====== Source data
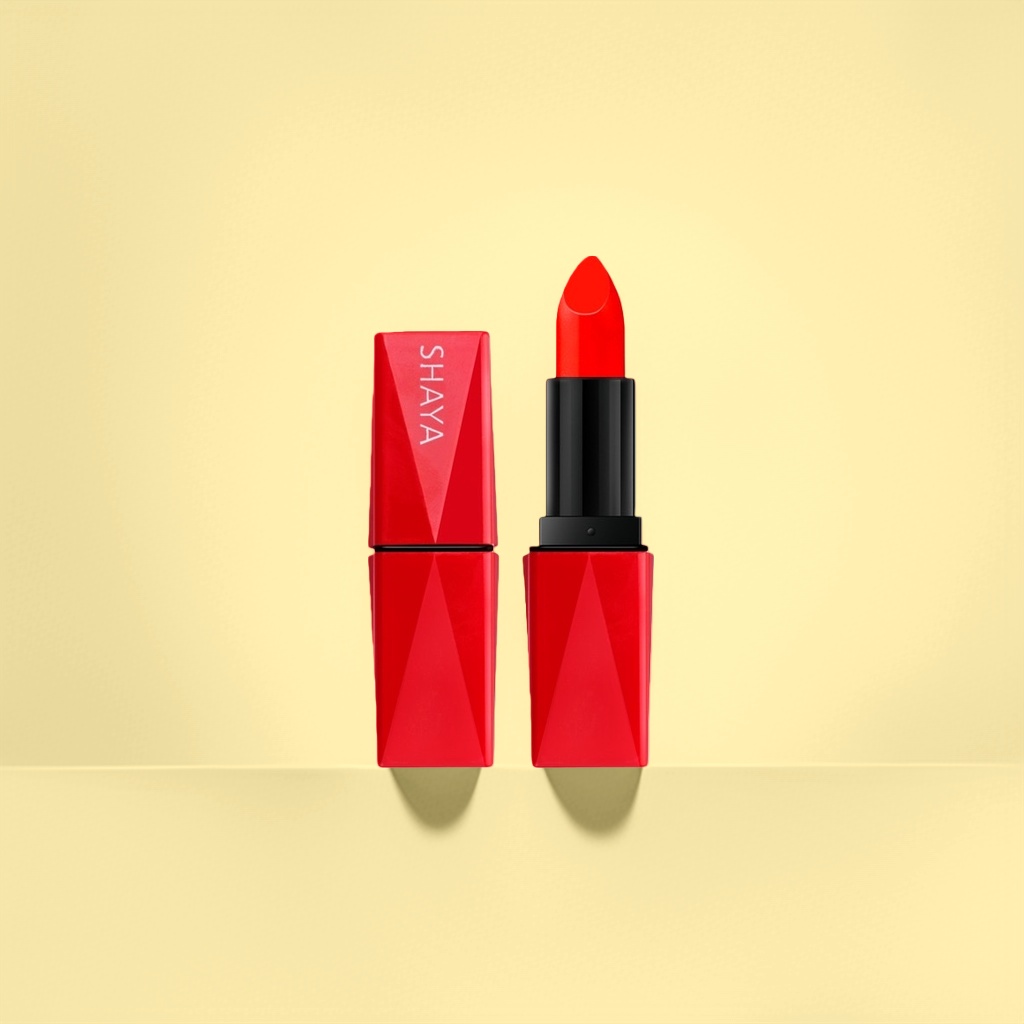 Red lipstick, long-lasting color, moisturizing, matte lipstick Application Scenario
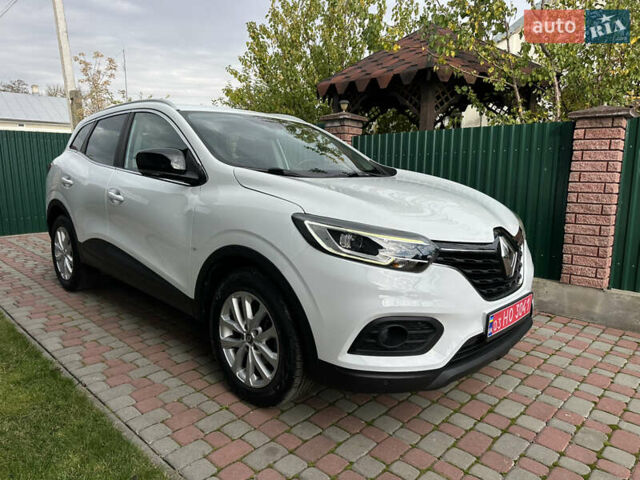 Білий Рено Kadjar, об'ємом двигуна 1.5 л та пробігом 217 тис. км за 17833 $, фото 5 на Automoto.ua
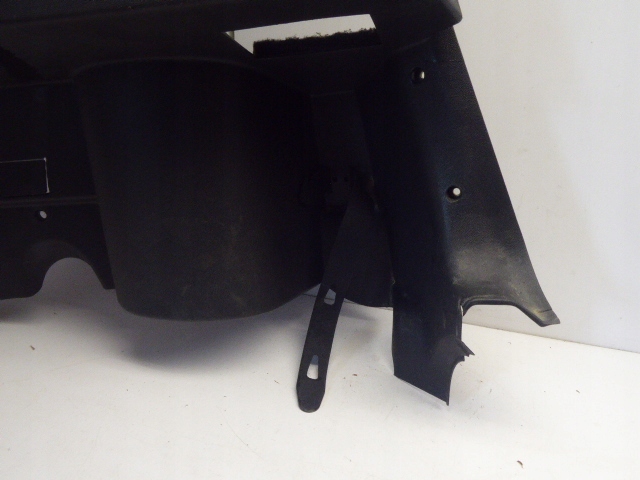 фото №9, Corsa c обшивка кронштейн полиця задня обшивка праве 3d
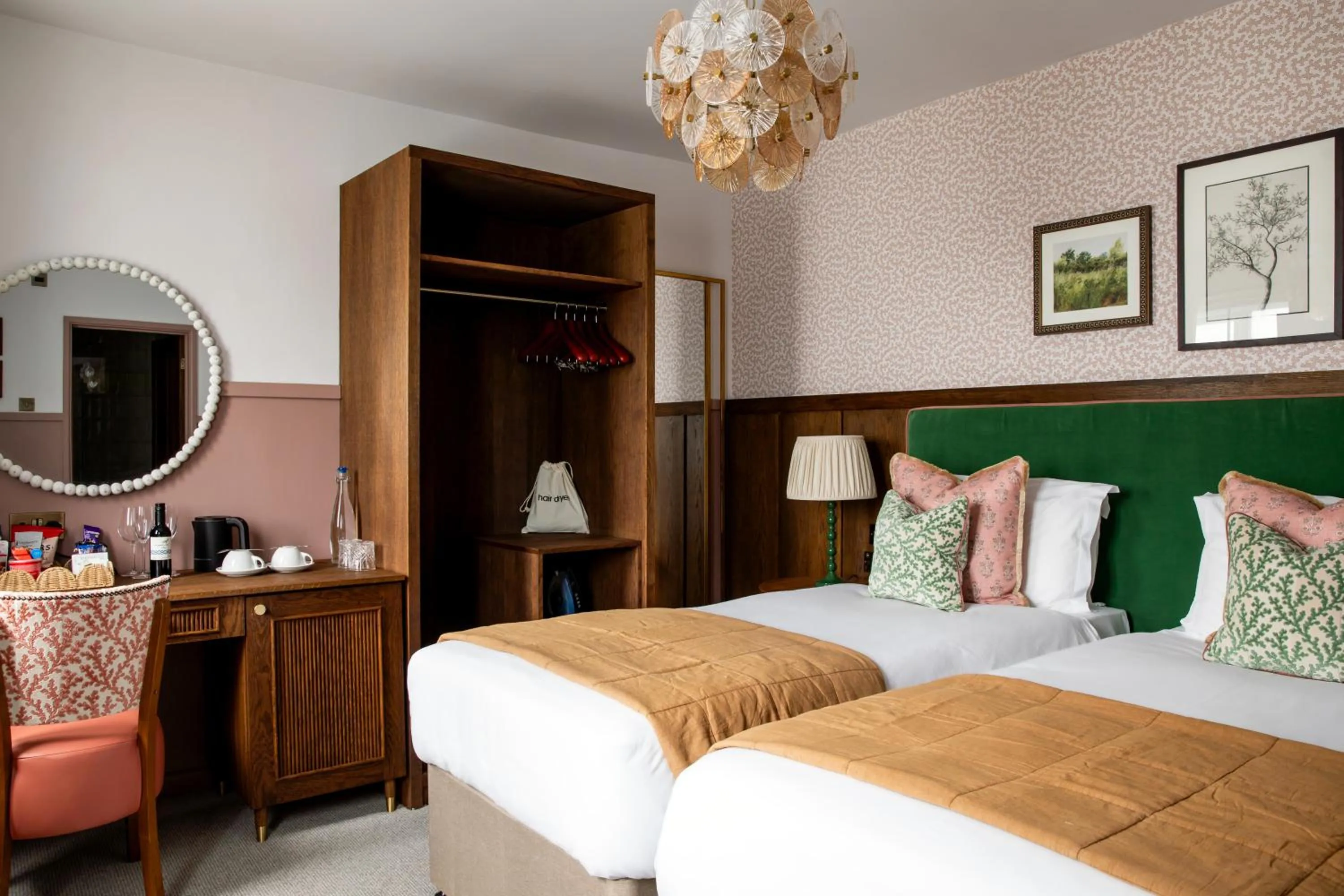 Bedroom, Bed in Worplesdon Place Hotel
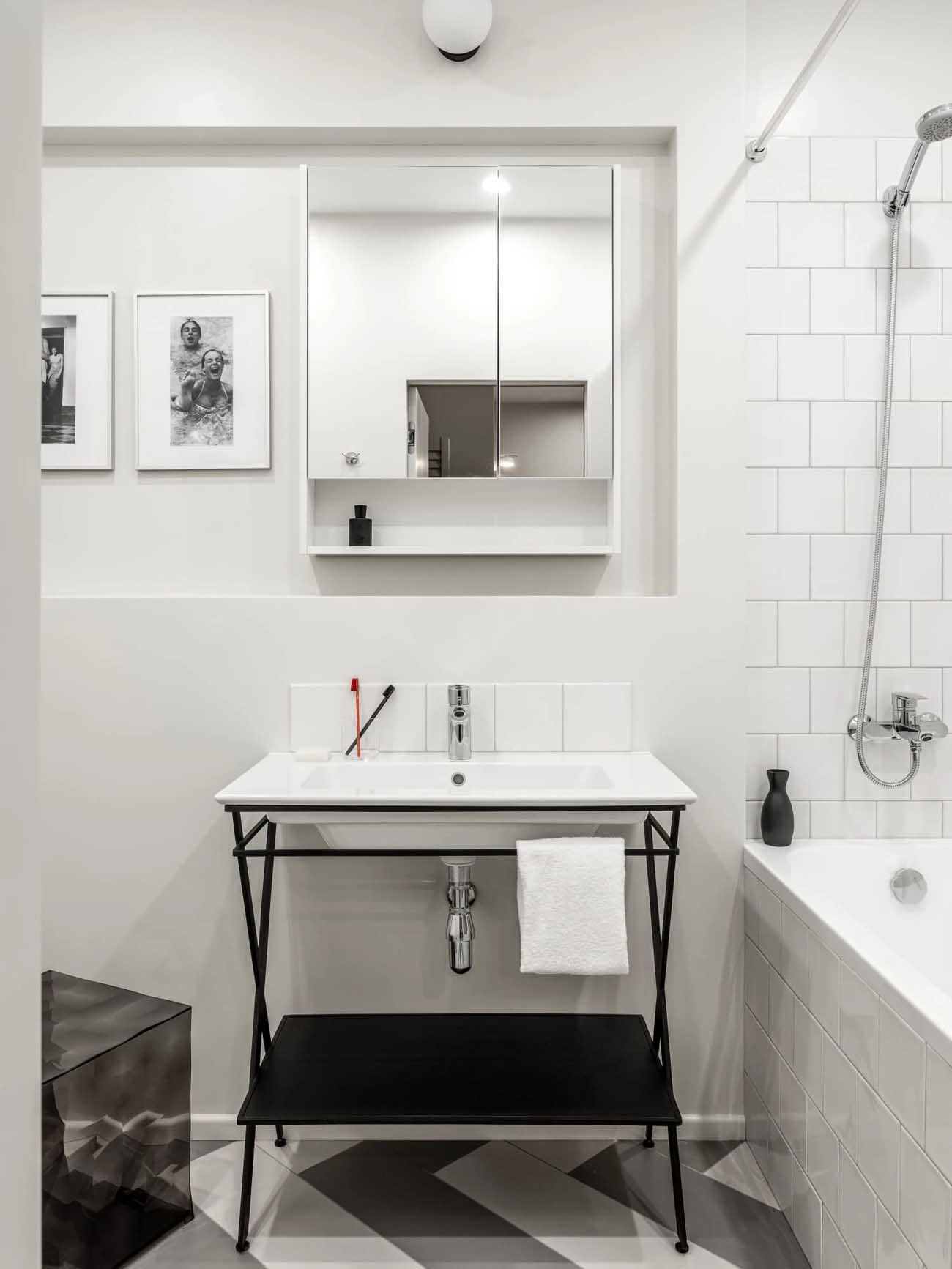 Párizsi sikk 46 m2-en: egyszerű de egyedi megoldások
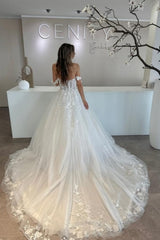 Fabulous White Sweetheart Off-The-Shoulder Ball Gown Tulle Wedding Dresses With Appliques And Handmake Flowers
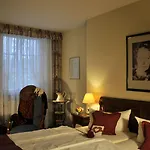 Cityline Klassik Altstadt מלון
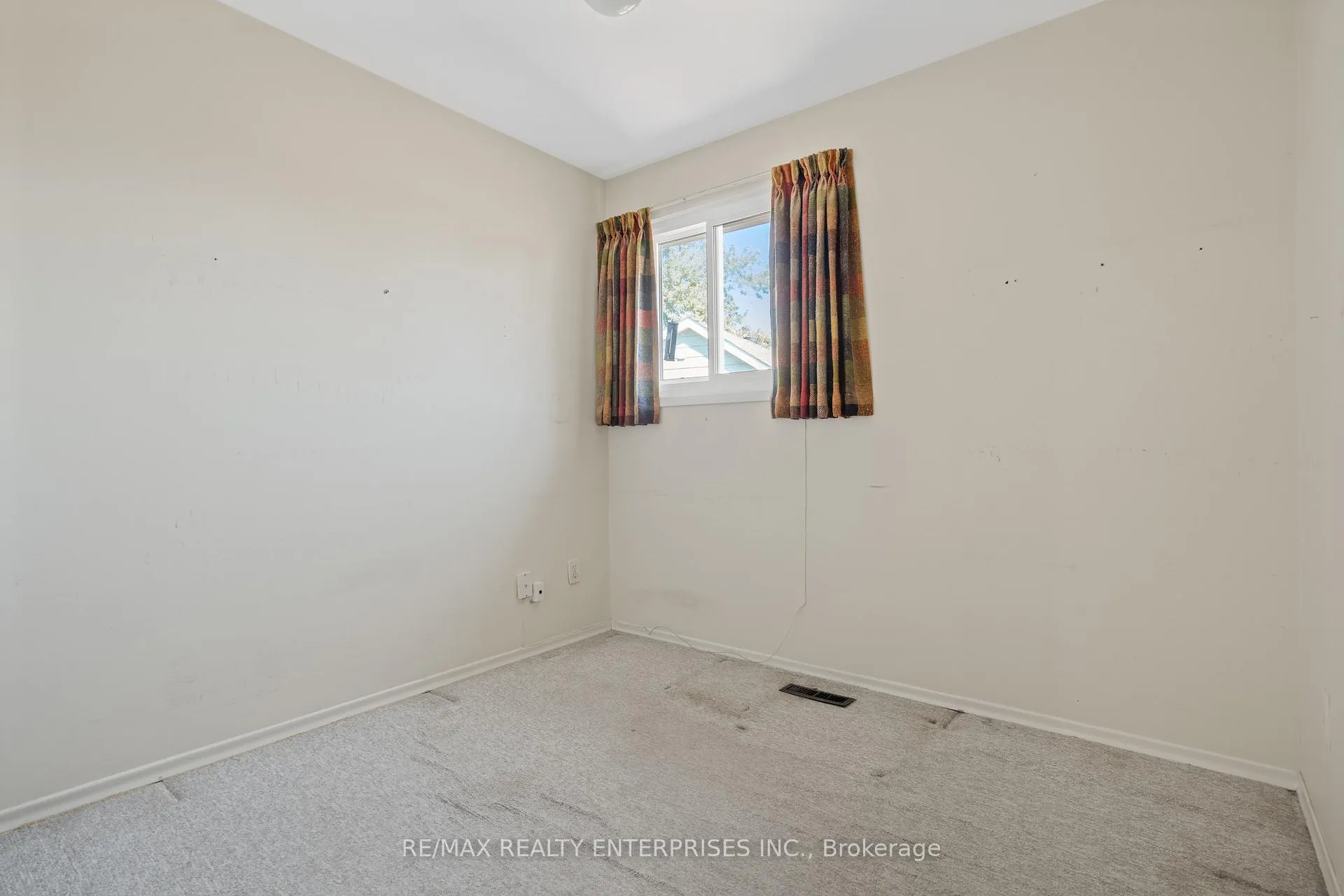 Photo 14 of 1245 Lakeview Drive, Oakville, Falgarwood — HOMEH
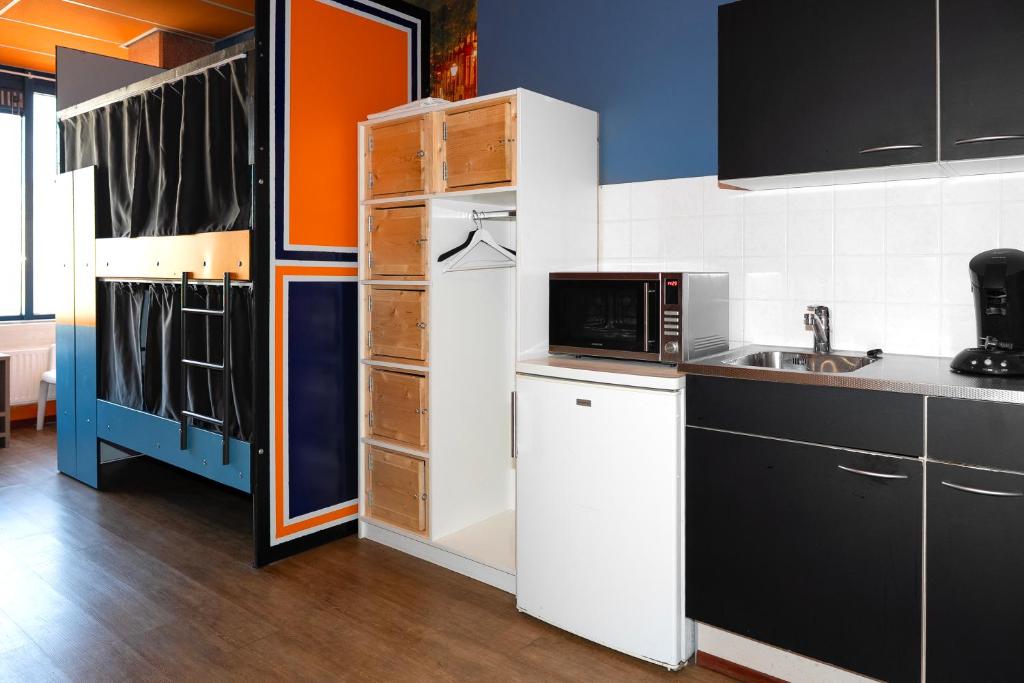 Amsterdam Teleport Hotel - Resim 29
============
- **What to do**
Your output must consist only of the lines from the line with "Párizsi sikk 46" through the final line of the data, both included, reproduced exactly and free of pictures.

- **Answer space**
 Párizsi sikk 46 m2-en: egyszerű de egyedi megoldások
 Fabulous White Sweetheart Off-The-Shoulder Ball Gown Tulle Wedding Dresses With Appliques And Handmake Flowers
 Cityline Klassik Altstadt מלון
 Photo 14 of 1245 Lakeview Drive, Oakville, Falgarwood — HOMEH
 Amsterdam Teleport Hotel - Resim 29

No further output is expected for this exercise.